ファミリーヒストリー ファミリーヒストリー 清水ミチコ
父に寄り添う1人の少女の名は清水美智子(ミチコ)。昭和35年1月に岐阜県高山市に生まれた。高山は江戸の頃の面影を残し、山間に築かれた町。ミチコは18歳で上京するまでこの町で暮らした。高山駅の近くにあるミチコの実家を訪ねると11歳年下の一郎さんがいた。父が自宅で経営していたカフェを受け継いで20年近くになる。父が幼い頃に祖父が亡くなったため、祖父や清水家に関することはほとんど伝えきれていない。清水家の歴史を探る手がかりがないか一郎さんに相談したところ、亡くなった祖母が保管していた古い箱を見つけ出してくれた。祖父の清水清作が作ったと思われる履歴書には原籍地は富山県婦負郡細入村蟹寺とあり、清水家の一番古い戸籍に書かれている本籍地と一致した。戸籍によるとミチコの曽祖父・竹次郎は加藤家の二男として蟹寺で生まれ後に清水家のいとと結婚し清水竹次郎となっていた。そして明治三十二年に竹次郎・いとの長男として生まれたのが祖父の清水清作である。ミチコはこの清作についてほとんど知らず、写真も見たことがない。どんな人物だったのか清作が育った細入村蟹寺・現在の富山市蟹寺に向かう。蟹寺地区は岐阜県との県境にある小さな集落である。現在の国道360号線沿いに清水家は暮らしていた。清作の幼少期の明治三十年代、清水家はどんなことを生業にしていたのか。細入村出身で地域の歴史に詳しい早稲田大学名誉教授・宮口侗廸さんによると明治時代になると30戸ぐらいの貧しい村集落だったとのこと。明治四十四年に猪谷尋常小学校を卒業となっており「細入百年の歩み」という写真集に清作が卒業した時の写真が載っていることがわかった。しかし少年たちの誰が清作かはわからなかった。大正9年に清作にとって転機となる一大事業が起こり、蟹寺地区に持ち上がった水力発電所の建設構想である。清作の履歴書によると大正十一年に電力会社の土木工手拝命とあり、23歳で発電所の建設に従事したことがわかる。清作を初め蟹寺の人々は発電所関連の仕事を得て150人ほどの集落は3000人にも膨れ上がった。しかし清作は発電所の完成を待たずに蟹寺を離れていたことがわかった。祖母が保管していた箱から出てきたのは4枚の書類。清作の人生を大きく変えることになったのが大正12年9月1日に発生した関東大震災である。清作は25歳で上京し、復興の仕事に従事するという決断をしていた。関東大震災の復興事業に詳しい日本大学理工学部土木工学科教授・大沢昌玄さんは「現場の人 肉体的な現場の人だったと思うが国に一定期間雇われて直接工事に携わっていたのではないか」とのことだった。大沢さんが清作の履歴書で注目したのは早稲田大学付属土木本科で学んでいたことであった。この学校は高度な技術者を養成するため、夜間に授業を行っていた。清作は一労働者として終わりたくないと自ら道を切り開こうとしていた。東京での復興局の仕事を終えた清作は昭和3年にゑいと結婚。同じ年に生まれたのが後のミチコの父・郁夫である。そして清作は新たなチャンスを掴んだ。新潟県南蒲原郡加茂町にある建設会社にスカウトされたのである。

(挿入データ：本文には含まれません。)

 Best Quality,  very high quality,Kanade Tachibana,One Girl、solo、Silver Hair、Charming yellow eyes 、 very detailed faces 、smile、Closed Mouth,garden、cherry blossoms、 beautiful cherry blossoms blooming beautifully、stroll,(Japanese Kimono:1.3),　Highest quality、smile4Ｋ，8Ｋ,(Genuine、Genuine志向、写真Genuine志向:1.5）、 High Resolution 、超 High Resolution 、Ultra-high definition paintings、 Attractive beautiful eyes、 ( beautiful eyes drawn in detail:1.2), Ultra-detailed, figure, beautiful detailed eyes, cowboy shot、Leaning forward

明治40年創業の小柳組の社長である小柳英治さんに清作が小柳組での仕事について書いた履歴書を見てもらった。清作は現場主任というリーダーになり、200人近い人たちを率いていた。小柳組に残る工事記録によると清作は鉄道建設の工事・それに伴うトンネル工事など大きな仕事を任されていた。しかし土木技師としてまさにこれからという時、清作は突然の悲劇に襲われる。昭和7年、33歳という若さで急逝したのである。清水一郎さんは仕事関連の資材置き場みたいなところに夜行ってたら蜂に刺されて死んだとのことで、葬儀の写真と思うものを見せてくれた。写真には清作が仕事をしていた建設会社・小柳組の花輪も写っていた。果たしてこれは清作の葬儀の写真なのか確認してくれる人を見つけた。蟹寺で暮らしていた清水家の子孫と親戚にあたる加藤家の子孫である。2人に写真を見てもらうと写真の背景にある山並みの姿は現在と同じだという。これは富山県細入村蟹寺で撮影された葬儀写真で清水清作に間違いなかった。大黒柱を失った一家の祖母・ゑいは子どもを連れ蟹寺から新たな土地に移り住むことにした。